In other words, Plaintiff submits that service was effected on the agent for service of process at the person’s office or usual mailing address. (Code Civ. Proc., § 415.20, subd. (a).) This does not require, as Defendants suggest, reasonable diligence. (Compare id., § 415.20, subd. (b).) Accordingly, service to RMR Trans Inc. was valid and does not render the entry of default and default judgment void under Code of Civil Procedure section 473, subdivision (d).
Defendant M&J Truckline, LLC also argues that service of the summons and complaint to M&J Truckline, LLC, was defective.
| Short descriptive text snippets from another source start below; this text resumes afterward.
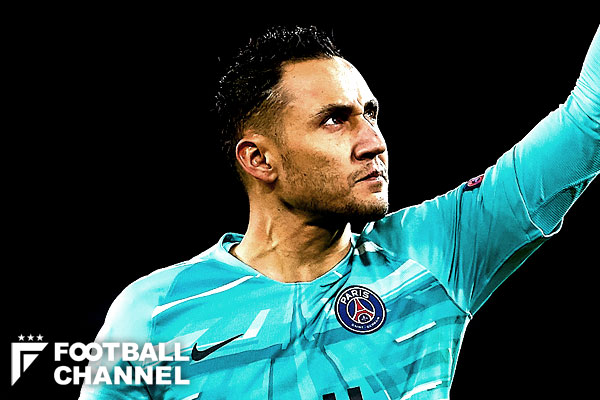 ケイラー・ナバス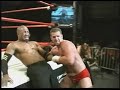 PCW: Fantastic 4 Match (Part 2) PCW: Fantastic 4 Match (Part 2)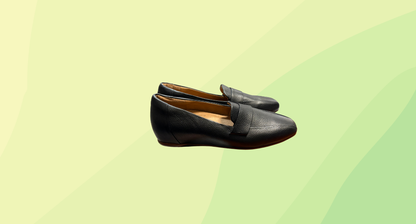 Frankie4 Loafer - Size 7 - Black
If defendant is a limited liability company, a copy of the summons and complaint may be served to a designated agent by personal service, substitute service, or service by mail with acknowledgement of receipt. (Code Civ. Proc., §§ 415.10, 415.20, subd. (a), and 415.30, subd. (a).) Substitute service is effective if copies of the summons and complaint are delivered to the person’s office or left with a person who is apparently in charge who shall be informed of the contents thereof, and thereafter mailed to defendant. (Ibid.) Substantial compliance with the statutes governing service of summons may defeat a motion to set aside under section 473, subdivision (d). (Ramos v. Homeward Residential, Inc. (2014) 223 Cal.App.4th 1434, 1443.)
M&J Truckline LLC is a limited liability company. Thus, Corporations Code section 17701.16 controls. Service may be effected on the individual designated by the limited liability company as its agent. (Corps. Code, § 17701.16, subd. (b).) Code of Civil Procedure sections 415.10 and 415.20 apply. (See also Code Civ. Proc., § 416.40.) The proof of service states that the address for M&J Truckline LLC was a home and the individual served was Raj Kaur, “Spouse.” Code of Civil Procedure section 415.20 for substitute service applies.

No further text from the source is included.